I have gotten my embedded product working quite a bit faster than it was. Recall that the demo I gave my client was way too slow and it took some convincing to get him to continue funding the product, but he did eventually decide to continue paying me for development.

Unfortunately, it is still too slow to be marketable. However, it has become suprisingly usable even for the performance that it does have. Before it wasn't usable at all - I could demonstrate that it worked correctly, and measure its miserable speed, but that's about it.

I can't claim that much credit for the speedup. It turned out that there was a more efficient algorithm for what I'm trying to do, it gets the same results but is much faster. However there was the challenge of getting it to actually work in my firmware, which took a couple of days. I was very relieved when I got the new algorithm functioning and found that a significant improvement had happened (a speedup of about 20 times from what I had).
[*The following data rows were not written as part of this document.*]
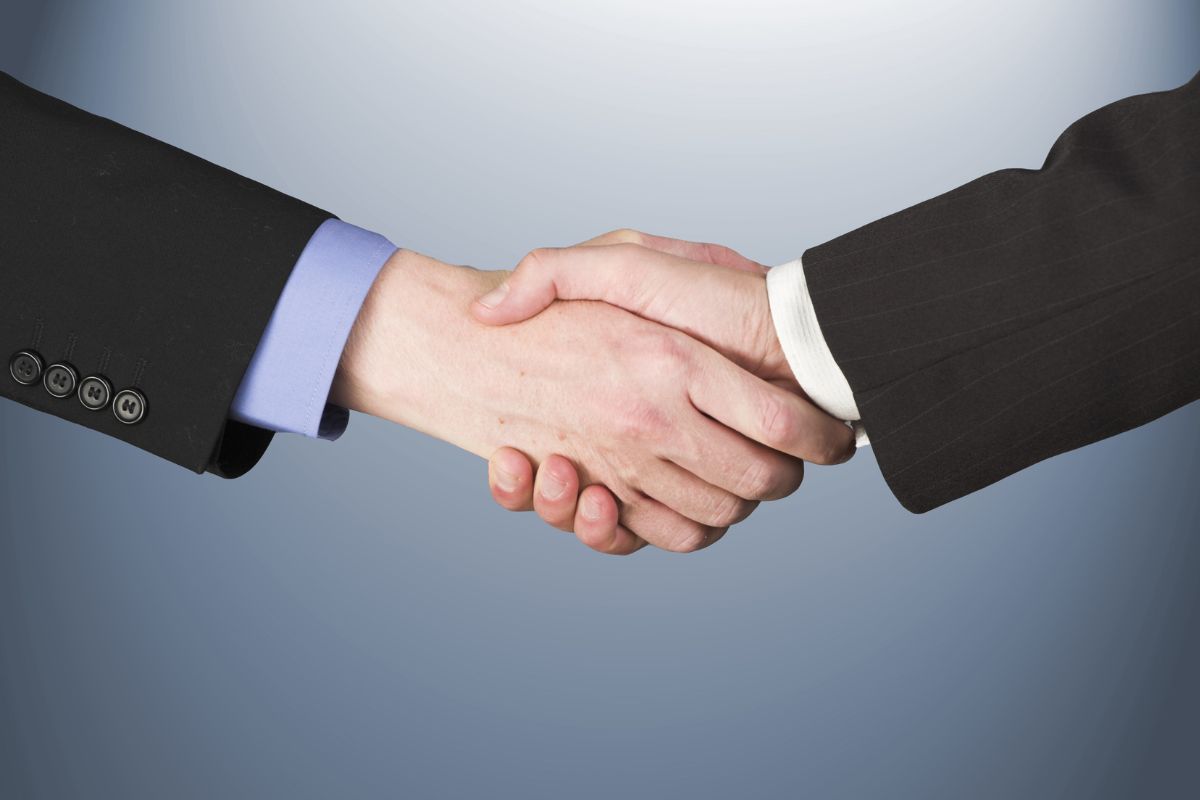 7 Strategies Photographers Use to Scale Their Business with Editing Partners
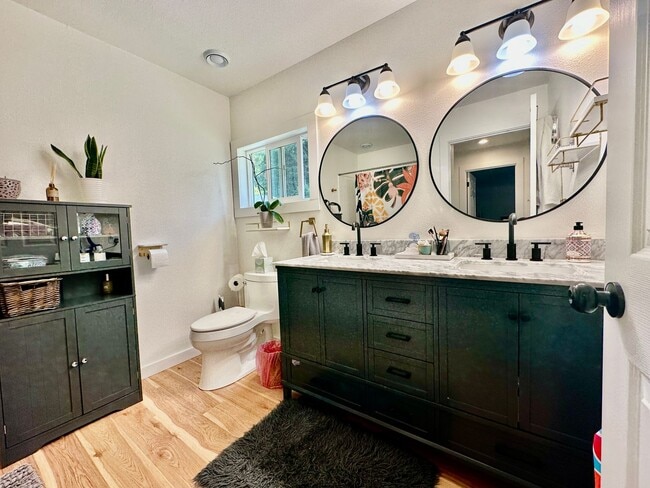 Building Photo - Beautifully Remodeled Home Backing Up to t...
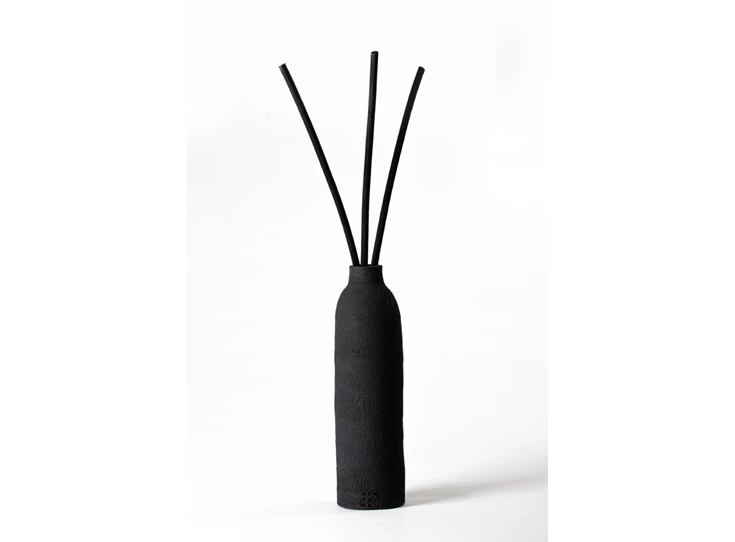 Mon-Dada-Terra-diffuser-large-preto-black-sea
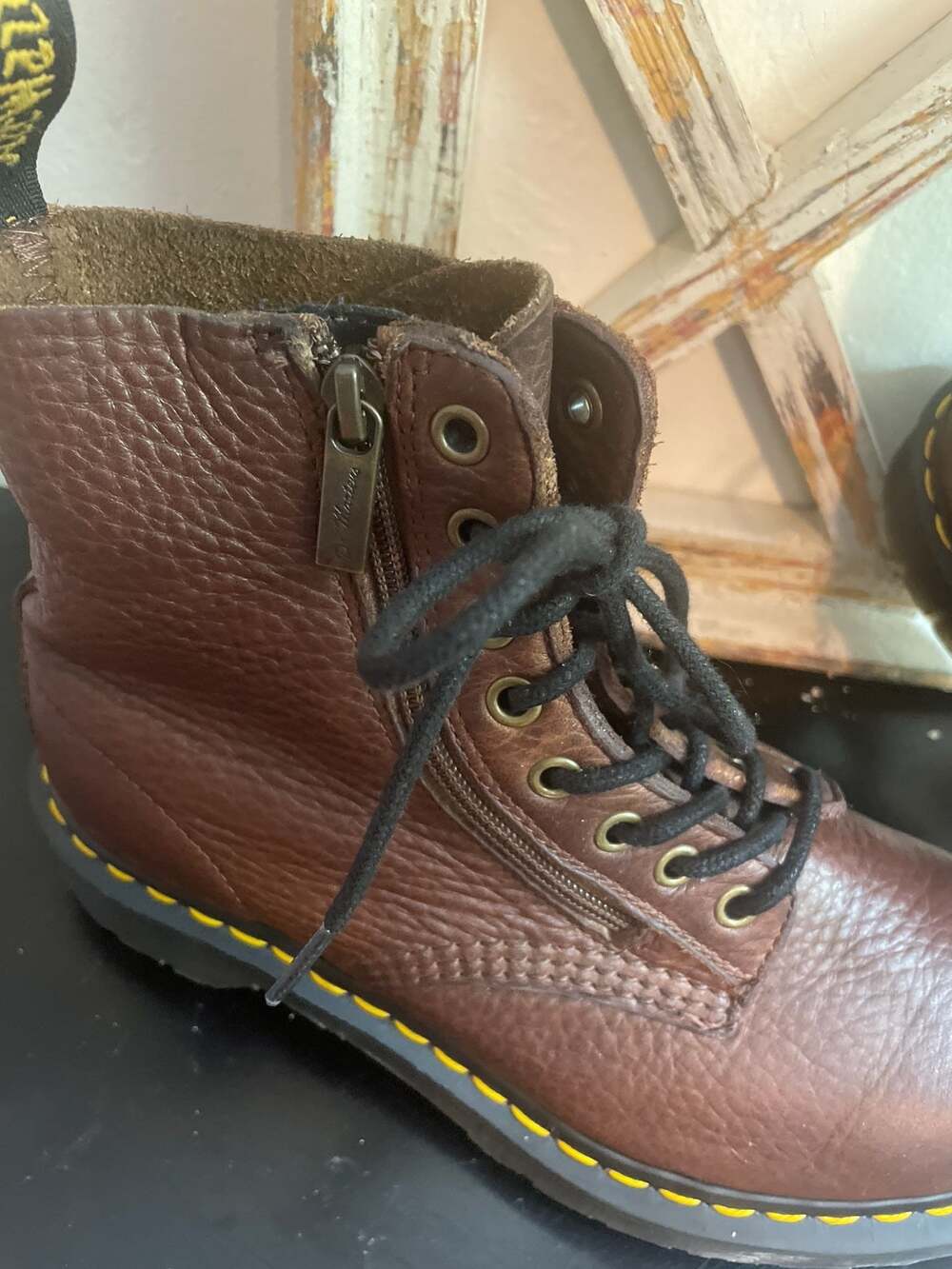 Doc Martens Pascal 1460 Ambassador Soft Leather - Picture 5 of 9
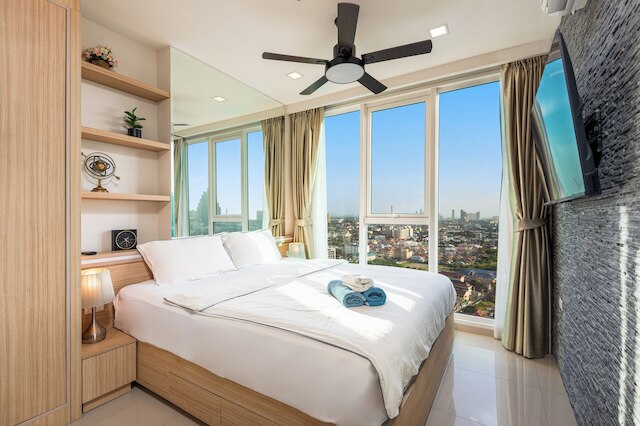 パノラミックシー、シティアンドマウンテンビュー byシティガーデンタワー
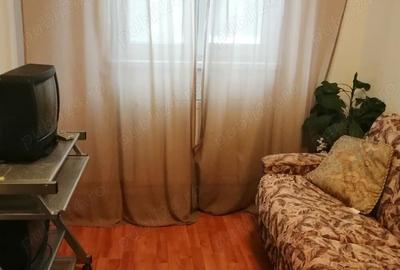 Apartament cu 3 camere decomandat în Valea Azugii - 3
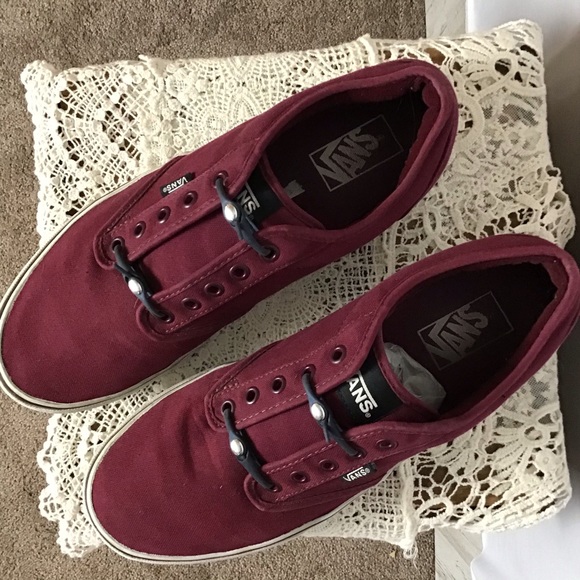 VANS classic sneaker/loafer. low top size 11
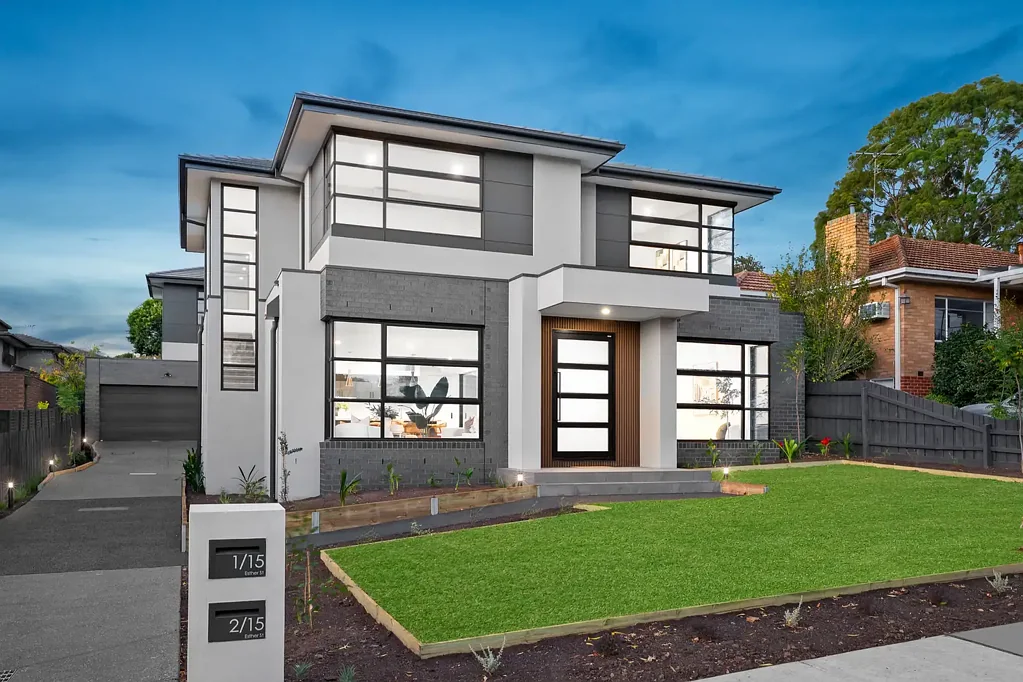 Templestowe Lower 4房 全新四卧联排 豪华装修 高天花板 双层玻璃窗 石材台面 主卧套房 私密庭院 安全车库 地理优越 Brand New Luxury Living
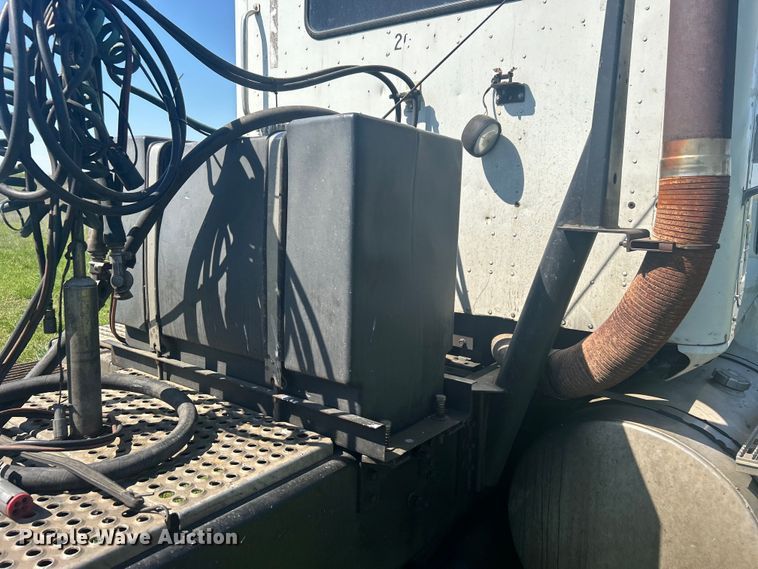 image for item DO1072 2001 International  9400i  semi truck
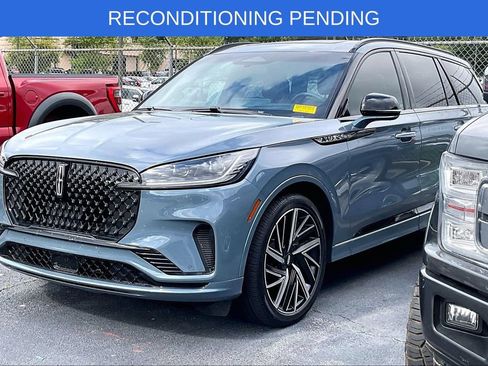 Used 2025 Lincoln Aviator Black Label w/ Jet Appearance Package AWD/4WD image 2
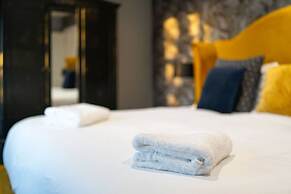 Thatched Cottage - hot tub BBQ and Pool Table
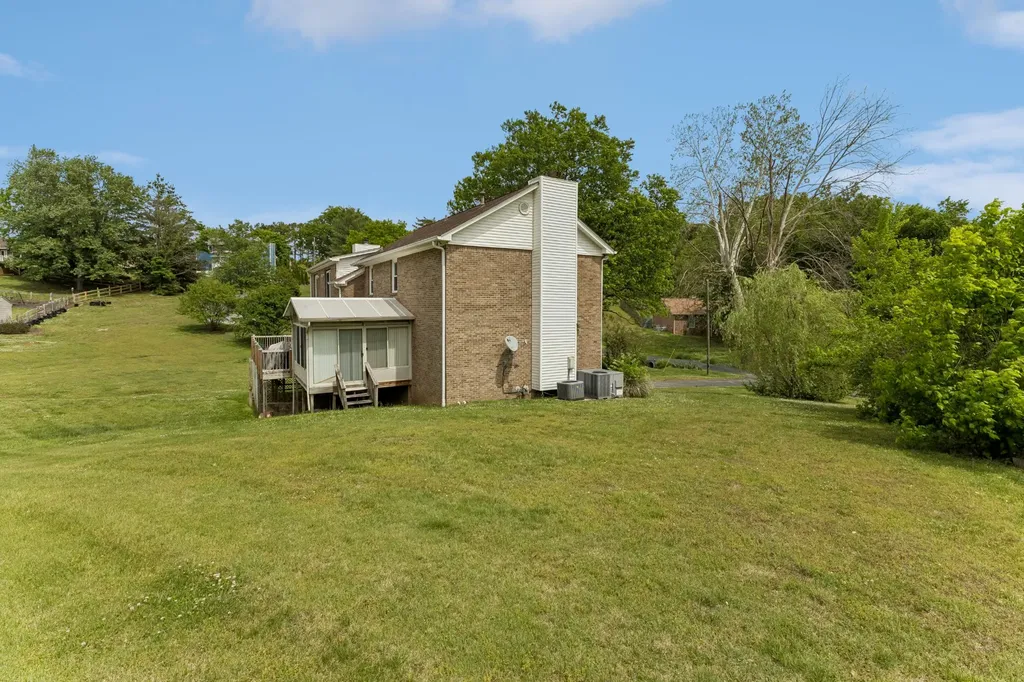 109 Rocky Drive Columbia TN 38401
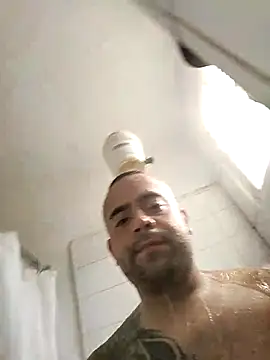 SirCrespo24 online show from April 18, 2026, 12:51 pm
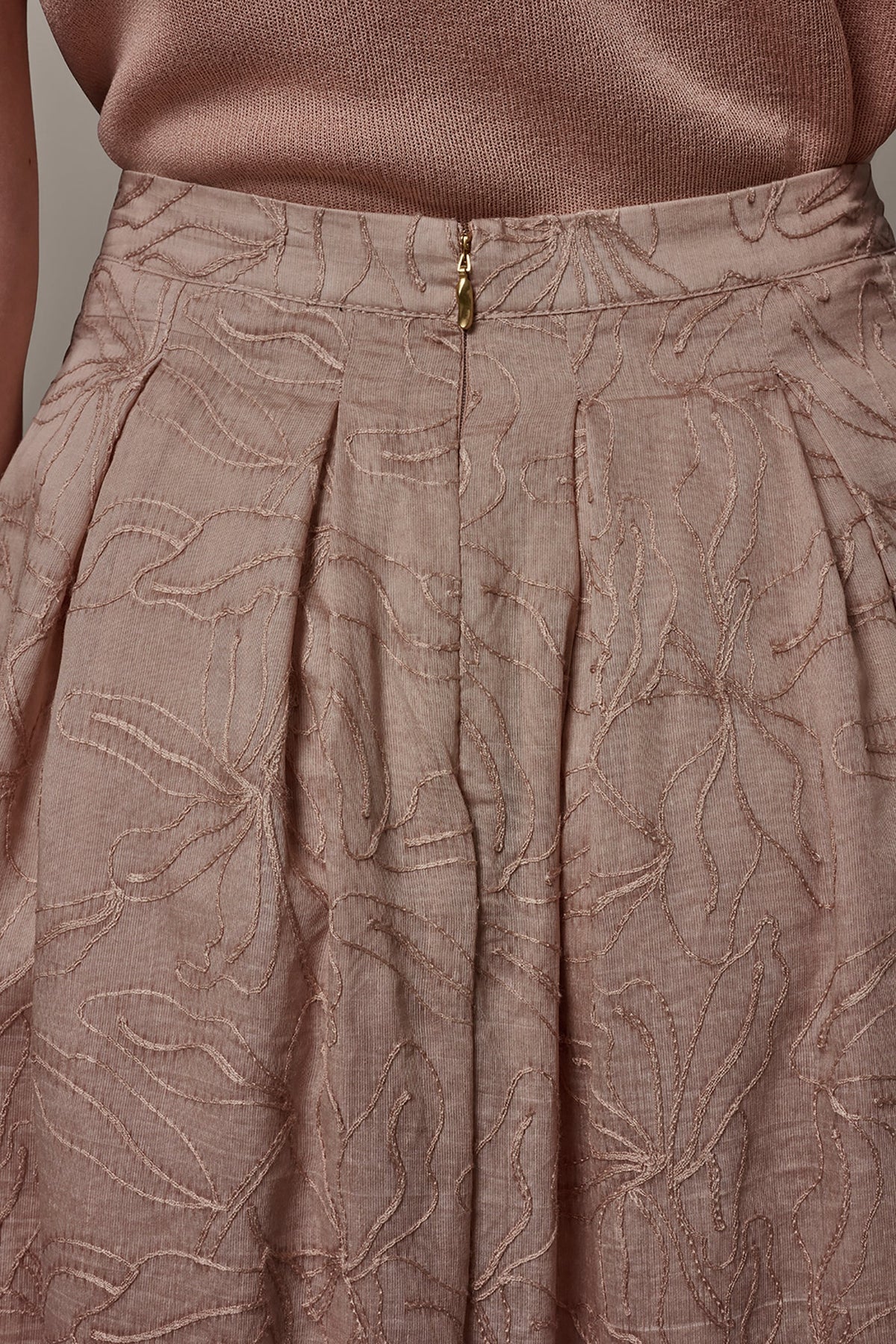 Donna Karan FLORAL EMBROIDERED PLEATED A-LINE SKIRT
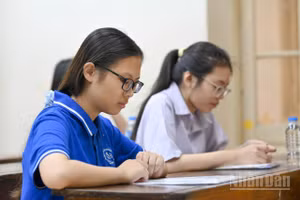 Thí sinh tham dự kỳ thi tuyển sinh vào lớp 10 Hà Nội (Ảnh: THẾ ĐẠI)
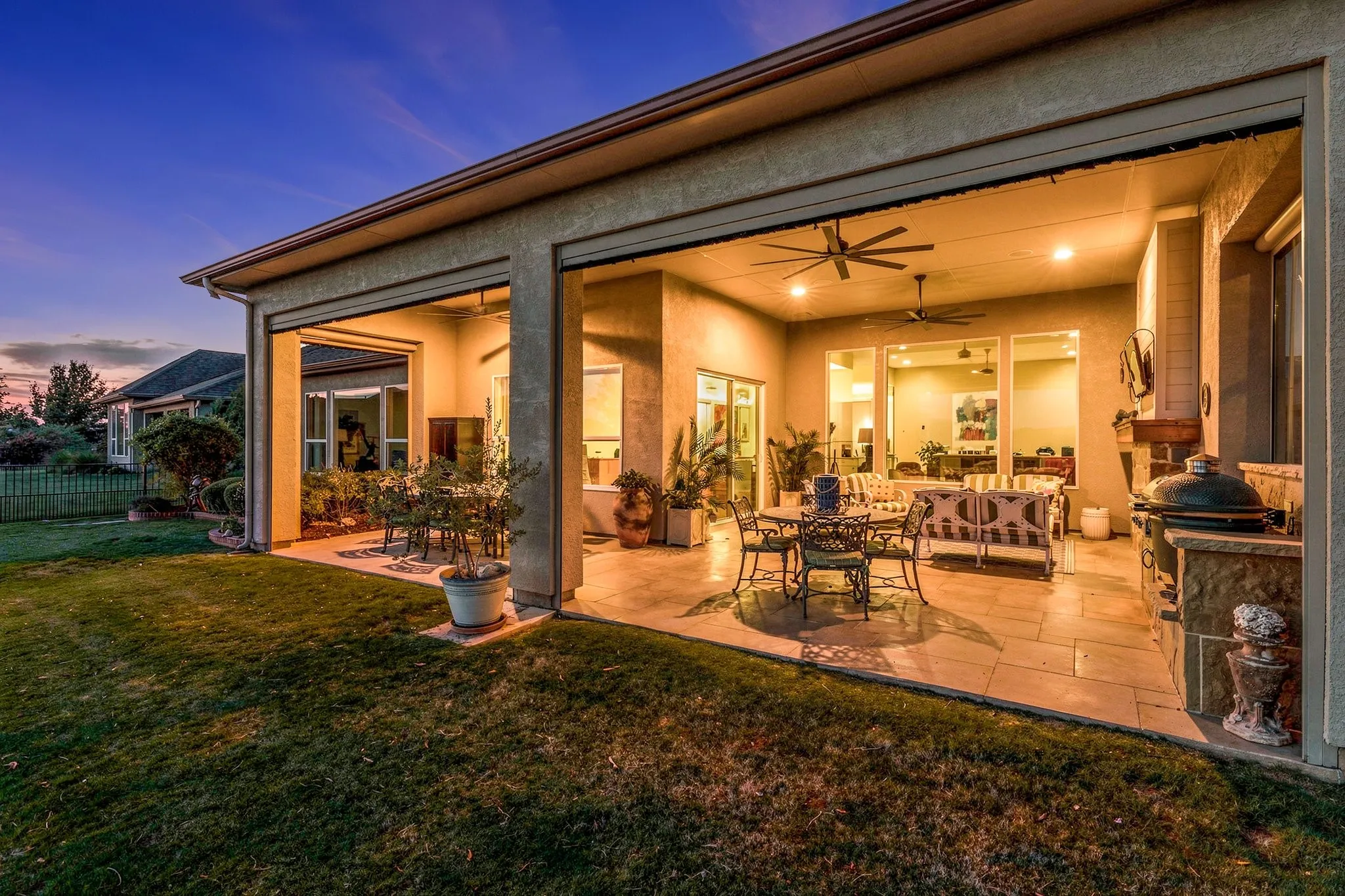 Single Family Residence For Sale in Denton County , 9713 Arkose Drive, Denton, Texas 76207, 2 Bedroom, 3 Bathroom, 3 Garage spaces, 2,809 Sqft, built in 2019, mls#21399355, Real Estate Agent in Denton, Homes For Sale in Denton county, Homes For Sale in Denton, Realtor in Denton Texas, Real Estate Brokerage Independent Realty Texas, Luminita Cordes Realtor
But I need to speed it up by another factor of 10 before my client will consider marketing it. And at this point he's only committed to paying me to improve the speed, more work will be required to bring the product to market and I have to hit a minimum performance threshhold for that to happen.

I have always been a big fan of tweaking code for performance. I have yet to find an optimizing compiler that I cannot beat by writing better C. And I am always able to beat my best C performance by writing in assembler.

Everyone says that you should only try to improve performance by selecting a better algorithm, but what if you are already using the best known algorithm and it's not fast enough. That's when you need to tweak your code.

Also some algorithms are only more efficient when they are used on large data sets, because they are expensive to set up. If you have many independent and small data sets, what would ordinarily be considered the best algorithm may really be a poor choice. In that case an algorithm that scales poorly but can be coded tightly may be a better choice.

I'm afraid that because I considered performance not to be a real concern for the proof-of-concept demo, I didn't even try to look for better algorithms when I wrote my demo, because it simply didn't occur to me that the straightforward and obvious way could have had such disastrous results. I've done some research now and I'm pretty sure that the algorithm I have now is the best available.

I don't think it will be too hard to write it in assembly and there are a number of ways that I can see that this will help. I should be able to get some performance gain easily. Getting enough may be difficult but I still have several days left of the time I have funded. I could take more time if I needed it but it would make things unpleasant financially again.

Again I'm sorry I won't say what exactly it is I'm working on but hopefully it will only be about a week and a half until the product is announced.